Ce rôle si grand, il l’obtint, de fait, dès l’abord. La suite ajouta peu à ses attributions originelles. Il n’en fut pas de même de son organisation intérieure ; elle se développa graduellement ; elle s’accrut pièce à pièce.

Les « sections, » au nombre de cinq, entre lesquelles furent réparties les affaires, correspondaient assez exactement aux anciens conseils du roi. Il y eut cependant quelques innovations importantes, et en premier lieu la création de l’assemblée générale, cette réunion plénière et périodique, où tout venait aboutir, et qui constituait ainsi le lien permanent entre les parties, devenues solidaires, de ce conseil indivisible dont elle assurait l’unité. Réforme décisive : désormais le conseil d’État n’est plus un agrégat de collectivités étrangères entre elles. Il sera un corps homogène. Et là aussi l’on s’inspirait de l’ancien régime. N’oublions pas que la royauté, au moment de disparaître, avait entrevu cette condition si désirable de l’unité. Elle en avait inscrit le principe dans l’ordonnance du 9 août 1789. Il est vrai que cette ordonnance fut à peine appliquée ; elle n’en contenait pas moins le germe des deux capitales réformes que Napoléon devait réaliser : je veux dire la réunion des diverses fractions du conseil d’État, naguère indépendantes, et en même temps la sélection de l’élément contentieux.

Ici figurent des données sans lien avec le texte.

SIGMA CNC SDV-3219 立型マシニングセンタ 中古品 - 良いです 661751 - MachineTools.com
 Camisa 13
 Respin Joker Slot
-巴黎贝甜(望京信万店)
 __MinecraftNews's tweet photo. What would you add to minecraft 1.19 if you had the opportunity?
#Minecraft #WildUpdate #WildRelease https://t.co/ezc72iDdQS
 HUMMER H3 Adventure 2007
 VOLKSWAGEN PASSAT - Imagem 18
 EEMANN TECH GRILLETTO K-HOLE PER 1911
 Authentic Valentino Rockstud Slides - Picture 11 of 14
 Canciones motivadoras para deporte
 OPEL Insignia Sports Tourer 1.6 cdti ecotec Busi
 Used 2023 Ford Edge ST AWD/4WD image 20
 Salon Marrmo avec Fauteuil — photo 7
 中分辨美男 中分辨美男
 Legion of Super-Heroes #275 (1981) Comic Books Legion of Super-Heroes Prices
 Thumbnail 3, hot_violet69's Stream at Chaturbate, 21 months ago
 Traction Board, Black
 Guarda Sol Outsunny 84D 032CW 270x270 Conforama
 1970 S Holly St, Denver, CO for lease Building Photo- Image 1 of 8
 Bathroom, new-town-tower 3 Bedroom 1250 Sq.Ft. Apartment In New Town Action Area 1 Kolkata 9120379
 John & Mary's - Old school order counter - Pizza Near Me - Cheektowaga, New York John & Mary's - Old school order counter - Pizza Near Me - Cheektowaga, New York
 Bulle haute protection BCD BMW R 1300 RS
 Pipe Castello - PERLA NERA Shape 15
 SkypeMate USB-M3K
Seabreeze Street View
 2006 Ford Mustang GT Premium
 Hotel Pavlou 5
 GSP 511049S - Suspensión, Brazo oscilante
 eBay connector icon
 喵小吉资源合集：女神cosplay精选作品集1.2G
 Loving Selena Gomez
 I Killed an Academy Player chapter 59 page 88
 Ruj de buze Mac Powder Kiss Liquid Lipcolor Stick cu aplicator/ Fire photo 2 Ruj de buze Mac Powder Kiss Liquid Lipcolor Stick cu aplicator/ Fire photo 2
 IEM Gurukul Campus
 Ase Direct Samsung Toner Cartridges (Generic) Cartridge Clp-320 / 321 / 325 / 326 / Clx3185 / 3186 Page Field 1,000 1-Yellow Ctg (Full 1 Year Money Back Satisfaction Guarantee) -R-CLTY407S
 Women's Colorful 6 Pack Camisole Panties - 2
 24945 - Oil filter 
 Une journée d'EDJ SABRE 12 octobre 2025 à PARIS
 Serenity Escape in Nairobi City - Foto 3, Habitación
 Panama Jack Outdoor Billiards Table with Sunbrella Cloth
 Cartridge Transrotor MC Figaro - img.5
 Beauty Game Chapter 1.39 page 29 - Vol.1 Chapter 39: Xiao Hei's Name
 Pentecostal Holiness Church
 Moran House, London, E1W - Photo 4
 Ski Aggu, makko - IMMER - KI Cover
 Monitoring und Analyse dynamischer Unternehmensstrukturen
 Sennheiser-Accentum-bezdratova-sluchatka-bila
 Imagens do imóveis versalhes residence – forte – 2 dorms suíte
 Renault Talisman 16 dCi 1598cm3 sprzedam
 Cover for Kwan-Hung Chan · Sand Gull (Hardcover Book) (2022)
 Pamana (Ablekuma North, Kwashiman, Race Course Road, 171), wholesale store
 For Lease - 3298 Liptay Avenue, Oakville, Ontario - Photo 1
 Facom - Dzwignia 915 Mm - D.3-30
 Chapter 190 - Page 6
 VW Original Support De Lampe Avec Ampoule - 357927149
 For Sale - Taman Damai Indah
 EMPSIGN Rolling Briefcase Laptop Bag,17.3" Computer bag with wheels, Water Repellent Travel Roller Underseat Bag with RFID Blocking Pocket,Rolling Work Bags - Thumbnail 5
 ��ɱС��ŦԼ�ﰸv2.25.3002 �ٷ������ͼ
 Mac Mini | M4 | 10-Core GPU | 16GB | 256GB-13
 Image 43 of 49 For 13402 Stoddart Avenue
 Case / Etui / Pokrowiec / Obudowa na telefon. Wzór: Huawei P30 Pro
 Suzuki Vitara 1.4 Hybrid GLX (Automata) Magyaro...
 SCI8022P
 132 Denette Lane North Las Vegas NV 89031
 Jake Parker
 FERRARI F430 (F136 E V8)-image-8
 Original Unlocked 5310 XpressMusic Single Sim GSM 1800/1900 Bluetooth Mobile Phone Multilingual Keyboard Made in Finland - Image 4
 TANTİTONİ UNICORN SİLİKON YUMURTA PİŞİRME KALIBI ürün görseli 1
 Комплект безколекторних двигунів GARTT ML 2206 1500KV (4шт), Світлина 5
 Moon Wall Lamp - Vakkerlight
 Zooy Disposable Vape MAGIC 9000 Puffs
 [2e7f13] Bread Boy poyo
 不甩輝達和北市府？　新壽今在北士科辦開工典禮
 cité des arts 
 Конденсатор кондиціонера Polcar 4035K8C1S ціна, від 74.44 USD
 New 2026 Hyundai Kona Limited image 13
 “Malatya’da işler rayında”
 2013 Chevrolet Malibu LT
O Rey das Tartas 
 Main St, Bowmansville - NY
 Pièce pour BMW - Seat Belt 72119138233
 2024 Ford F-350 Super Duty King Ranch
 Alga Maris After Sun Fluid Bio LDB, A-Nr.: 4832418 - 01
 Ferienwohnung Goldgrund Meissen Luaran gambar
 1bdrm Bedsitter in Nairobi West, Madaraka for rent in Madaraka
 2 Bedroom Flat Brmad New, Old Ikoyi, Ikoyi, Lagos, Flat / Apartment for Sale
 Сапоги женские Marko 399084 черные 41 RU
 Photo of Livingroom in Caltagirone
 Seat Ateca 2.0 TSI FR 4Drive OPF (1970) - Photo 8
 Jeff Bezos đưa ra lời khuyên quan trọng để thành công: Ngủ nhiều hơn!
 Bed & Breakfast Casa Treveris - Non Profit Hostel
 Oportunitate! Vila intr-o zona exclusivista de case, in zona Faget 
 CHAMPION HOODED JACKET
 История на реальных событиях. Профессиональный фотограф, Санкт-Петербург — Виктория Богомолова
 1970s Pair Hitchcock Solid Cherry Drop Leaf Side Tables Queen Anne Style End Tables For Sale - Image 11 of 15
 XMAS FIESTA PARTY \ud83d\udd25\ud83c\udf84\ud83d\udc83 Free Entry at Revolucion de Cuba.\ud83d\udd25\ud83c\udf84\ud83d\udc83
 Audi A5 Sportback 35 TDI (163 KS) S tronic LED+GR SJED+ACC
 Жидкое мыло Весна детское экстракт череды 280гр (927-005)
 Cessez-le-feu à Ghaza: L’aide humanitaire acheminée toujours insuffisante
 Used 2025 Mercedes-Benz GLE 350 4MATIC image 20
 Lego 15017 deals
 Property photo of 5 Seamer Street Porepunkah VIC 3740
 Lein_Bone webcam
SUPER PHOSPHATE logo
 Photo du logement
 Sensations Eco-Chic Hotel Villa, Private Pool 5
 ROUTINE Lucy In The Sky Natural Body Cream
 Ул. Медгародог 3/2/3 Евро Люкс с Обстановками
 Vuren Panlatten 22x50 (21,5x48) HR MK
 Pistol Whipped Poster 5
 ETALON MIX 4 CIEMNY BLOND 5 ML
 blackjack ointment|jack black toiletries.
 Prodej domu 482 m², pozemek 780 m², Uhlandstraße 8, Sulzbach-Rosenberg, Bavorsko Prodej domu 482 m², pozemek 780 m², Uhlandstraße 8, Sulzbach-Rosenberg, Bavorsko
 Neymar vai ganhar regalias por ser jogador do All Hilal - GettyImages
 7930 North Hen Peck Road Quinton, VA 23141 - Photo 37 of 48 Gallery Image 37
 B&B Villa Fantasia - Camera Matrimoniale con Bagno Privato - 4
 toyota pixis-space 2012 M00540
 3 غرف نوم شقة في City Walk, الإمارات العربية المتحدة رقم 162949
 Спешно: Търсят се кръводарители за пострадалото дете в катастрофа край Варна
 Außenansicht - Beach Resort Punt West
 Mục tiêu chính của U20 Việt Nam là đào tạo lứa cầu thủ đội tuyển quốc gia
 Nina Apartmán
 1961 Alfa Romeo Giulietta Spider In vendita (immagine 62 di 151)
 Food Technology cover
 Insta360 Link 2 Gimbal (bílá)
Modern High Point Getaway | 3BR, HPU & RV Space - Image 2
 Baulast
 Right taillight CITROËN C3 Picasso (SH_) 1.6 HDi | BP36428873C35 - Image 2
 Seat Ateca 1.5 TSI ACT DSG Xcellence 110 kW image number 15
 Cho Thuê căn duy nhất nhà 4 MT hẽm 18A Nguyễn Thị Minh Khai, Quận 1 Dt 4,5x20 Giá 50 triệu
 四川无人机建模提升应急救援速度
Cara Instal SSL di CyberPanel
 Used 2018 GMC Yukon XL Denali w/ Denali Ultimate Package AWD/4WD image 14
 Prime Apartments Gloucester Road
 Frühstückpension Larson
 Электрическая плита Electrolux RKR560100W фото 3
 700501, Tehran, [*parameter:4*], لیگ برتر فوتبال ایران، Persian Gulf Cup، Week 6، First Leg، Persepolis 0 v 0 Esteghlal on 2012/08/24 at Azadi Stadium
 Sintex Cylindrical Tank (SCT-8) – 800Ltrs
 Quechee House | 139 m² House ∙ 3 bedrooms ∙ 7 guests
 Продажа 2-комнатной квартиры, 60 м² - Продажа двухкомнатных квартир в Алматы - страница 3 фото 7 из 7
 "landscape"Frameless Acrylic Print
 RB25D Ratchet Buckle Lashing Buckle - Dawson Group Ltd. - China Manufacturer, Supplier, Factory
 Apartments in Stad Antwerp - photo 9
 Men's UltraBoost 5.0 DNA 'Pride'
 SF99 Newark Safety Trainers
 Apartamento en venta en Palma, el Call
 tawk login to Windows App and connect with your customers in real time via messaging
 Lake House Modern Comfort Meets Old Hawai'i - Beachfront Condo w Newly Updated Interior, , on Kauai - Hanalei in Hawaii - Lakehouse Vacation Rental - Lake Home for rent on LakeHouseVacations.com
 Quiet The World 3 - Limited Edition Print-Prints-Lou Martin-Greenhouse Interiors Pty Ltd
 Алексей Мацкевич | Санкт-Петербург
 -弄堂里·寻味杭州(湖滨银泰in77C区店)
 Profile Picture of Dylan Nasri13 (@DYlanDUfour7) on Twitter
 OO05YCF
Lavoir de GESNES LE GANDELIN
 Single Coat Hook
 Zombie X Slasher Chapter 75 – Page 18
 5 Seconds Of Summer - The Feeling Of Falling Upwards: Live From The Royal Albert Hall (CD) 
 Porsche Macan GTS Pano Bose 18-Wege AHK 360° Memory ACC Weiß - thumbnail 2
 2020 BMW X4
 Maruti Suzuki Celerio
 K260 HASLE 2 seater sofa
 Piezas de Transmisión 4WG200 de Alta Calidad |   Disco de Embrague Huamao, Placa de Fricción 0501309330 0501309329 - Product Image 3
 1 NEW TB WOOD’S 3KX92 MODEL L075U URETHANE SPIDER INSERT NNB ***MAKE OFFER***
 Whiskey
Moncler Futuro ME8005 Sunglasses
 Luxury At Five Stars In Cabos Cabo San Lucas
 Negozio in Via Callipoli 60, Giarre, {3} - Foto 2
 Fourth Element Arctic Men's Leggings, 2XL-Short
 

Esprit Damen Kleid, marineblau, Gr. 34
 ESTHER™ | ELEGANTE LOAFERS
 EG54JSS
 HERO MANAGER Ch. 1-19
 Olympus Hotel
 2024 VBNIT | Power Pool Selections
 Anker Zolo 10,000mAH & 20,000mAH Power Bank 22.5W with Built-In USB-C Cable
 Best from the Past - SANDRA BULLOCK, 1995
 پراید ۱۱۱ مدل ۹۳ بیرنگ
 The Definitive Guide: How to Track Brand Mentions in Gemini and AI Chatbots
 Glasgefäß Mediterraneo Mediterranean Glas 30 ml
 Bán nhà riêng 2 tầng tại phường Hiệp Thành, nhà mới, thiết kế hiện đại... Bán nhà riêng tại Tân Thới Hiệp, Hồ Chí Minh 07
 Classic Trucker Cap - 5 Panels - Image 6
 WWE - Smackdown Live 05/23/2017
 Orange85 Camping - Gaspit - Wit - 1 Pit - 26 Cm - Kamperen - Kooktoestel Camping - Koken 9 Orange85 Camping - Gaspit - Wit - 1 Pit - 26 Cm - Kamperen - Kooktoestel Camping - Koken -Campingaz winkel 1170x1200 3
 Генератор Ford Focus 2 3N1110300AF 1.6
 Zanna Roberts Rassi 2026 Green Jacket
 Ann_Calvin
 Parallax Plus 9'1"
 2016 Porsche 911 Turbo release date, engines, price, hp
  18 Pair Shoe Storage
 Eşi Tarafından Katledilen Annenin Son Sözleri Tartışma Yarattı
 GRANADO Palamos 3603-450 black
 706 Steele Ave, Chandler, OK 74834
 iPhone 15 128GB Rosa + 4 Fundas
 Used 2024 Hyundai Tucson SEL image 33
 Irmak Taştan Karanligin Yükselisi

Nous touchons à l’un des faits généraux qui dominent la période que nous abordons : période de quatre-vingt-dix ans, durant laquelle nous verrons s’accomplir, dans l’existence intérieure du conseil, cette évolution si remarquable de la fonction juridique, qui se dégage et se distingue de plus en plus nettement des attributions parallèles. Le contentieux formera une province à part. Or, sous l’ancien régime, jusqu’au règne de Louis XVI, il était confondu avec tout le reste. On n’avait point encore admis que le

  1. Pelet de la Lozère, Opinions de Napoléon sur divers sujets de politique et d’administration recueillies par un membre de son conseil d’État, 1833.